━━ THE DATA

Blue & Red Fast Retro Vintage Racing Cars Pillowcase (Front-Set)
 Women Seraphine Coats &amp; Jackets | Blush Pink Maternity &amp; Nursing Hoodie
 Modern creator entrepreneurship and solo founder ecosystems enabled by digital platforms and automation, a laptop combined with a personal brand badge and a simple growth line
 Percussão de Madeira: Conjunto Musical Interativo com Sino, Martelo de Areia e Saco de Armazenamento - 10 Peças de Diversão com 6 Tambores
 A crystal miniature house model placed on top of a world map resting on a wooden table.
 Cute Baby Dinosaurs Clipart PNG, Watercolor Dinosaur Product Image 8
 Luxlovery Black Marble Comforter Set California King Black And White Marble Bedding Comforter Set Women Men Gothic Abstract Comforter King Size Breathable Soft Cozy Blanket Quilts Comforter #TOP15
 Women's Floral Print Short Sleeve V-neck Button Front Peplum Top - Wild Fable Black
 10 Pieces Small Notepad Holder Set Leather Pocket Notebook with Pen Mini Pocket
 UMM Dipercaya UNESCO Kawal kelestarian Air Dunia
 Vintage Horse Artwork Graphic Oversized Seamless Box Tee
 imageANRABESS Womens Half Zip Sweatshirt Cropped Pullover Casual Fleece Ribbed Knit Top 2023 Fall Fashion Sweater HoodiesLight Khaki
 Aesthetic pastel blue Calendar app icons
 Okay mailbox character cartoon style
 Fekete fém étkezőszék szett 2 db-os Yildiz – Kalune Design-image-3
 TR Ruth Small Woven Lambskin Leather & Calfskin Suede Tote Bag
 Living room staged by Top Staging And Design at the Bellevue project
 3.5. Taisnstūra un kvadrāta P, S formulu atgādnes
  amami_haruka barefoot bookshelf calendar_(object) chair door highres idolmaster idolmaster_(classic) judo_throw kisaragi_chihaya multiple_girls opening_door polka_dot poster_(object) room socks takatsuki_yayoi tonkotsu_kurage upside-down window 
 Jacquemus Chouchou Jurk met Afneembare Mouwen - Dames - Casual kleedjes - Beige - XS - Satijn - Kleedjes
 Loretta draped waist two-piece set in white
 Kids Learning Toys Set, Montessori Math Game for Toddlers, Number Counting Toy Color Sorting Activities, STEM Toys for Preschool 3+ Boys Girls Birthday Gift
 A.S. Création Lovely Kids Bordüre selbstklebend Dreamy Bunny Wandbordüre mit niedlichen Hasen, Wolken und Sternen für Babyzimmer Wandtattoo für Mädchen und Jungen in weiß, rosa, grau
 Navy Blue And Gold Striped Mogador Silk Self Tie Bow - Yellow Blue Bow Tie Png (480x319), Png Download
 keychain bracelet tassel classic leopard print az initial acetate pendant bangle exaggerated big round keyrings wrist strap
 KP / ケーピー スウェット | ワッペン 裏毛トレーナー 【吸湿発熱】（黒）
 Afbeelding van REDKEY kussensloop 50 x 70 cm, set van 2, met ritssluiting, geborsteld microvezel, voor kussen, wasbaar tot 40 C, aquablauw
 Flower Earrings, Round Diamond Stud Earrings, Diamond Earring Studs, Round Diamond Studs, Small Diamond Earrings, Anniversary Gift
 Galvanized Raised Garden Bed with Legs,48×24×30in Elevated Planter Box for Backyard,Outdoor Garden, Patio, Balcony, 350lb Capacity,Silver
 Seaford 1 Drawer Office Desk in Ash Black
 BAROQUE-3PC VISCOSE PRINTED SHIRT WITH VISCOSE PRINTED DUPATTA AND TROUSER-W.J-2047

━━━━

▶ PROBLEM
Nothing beyond the line that contains "Okay mailbox character cartoon style" belongs in the answer; reproduce the entries exactly from their first line through it.

▶ SOLVED EXERCISE
Blue & Red Fast Retro Vintage Racing Cars Pillowcase (Front-Set)
 Women Seraphine Coats &amp; Jackets | Blush Pink Maternity &amp; Nursing Hoodie
 Modern creator entrepreneurship and solo founder ecosystems enabled by digital platforms and automation, a laptop combined with a personal brand badge and a simple growth line
 Percussão de Madeira: Conjunto Musical Interativo com Sino, Martelo de Areia e Saco de Armazenamento - 10 Peças de Diversão com 6 Tambores
 A crystal miniature house model placed on top of a world map resting on a wooden table.
 Cute Baby Dinosaurs Clipart PNG, Watercolor Dinosaur Product Image 8
 Luxlovery Black Marble Comforter Set California King Black And White Marble Bedding Comforter Set Women Men Gothic Abstract Comforter King Size Breathable Soft Cozy Blanket Quilts Comforter #TOP15
 Women's Floral Print Short Sleeve V-neck Button Front Peplum Top - Wild Fable Black
 10 Pieces Small Notepad Holder Set Leather Pocket Notebook with Pen Mini Pocket
 UMM Dipercaya UNESCO Kawal kelestarian Air Dunia
 Vintage Horse Artwork Graphic Oversized Seamless Box Tee
 imageANRABESS Womens Half Zip Sweatshirt Cropped Pullover Casual Fleece Ribbed Knit Top 2023 Fall Fashion Sweater HoodiesLight Khaki
 Aesthetic pastel blue Calendar app icons
 Okay mailbox character cartoon style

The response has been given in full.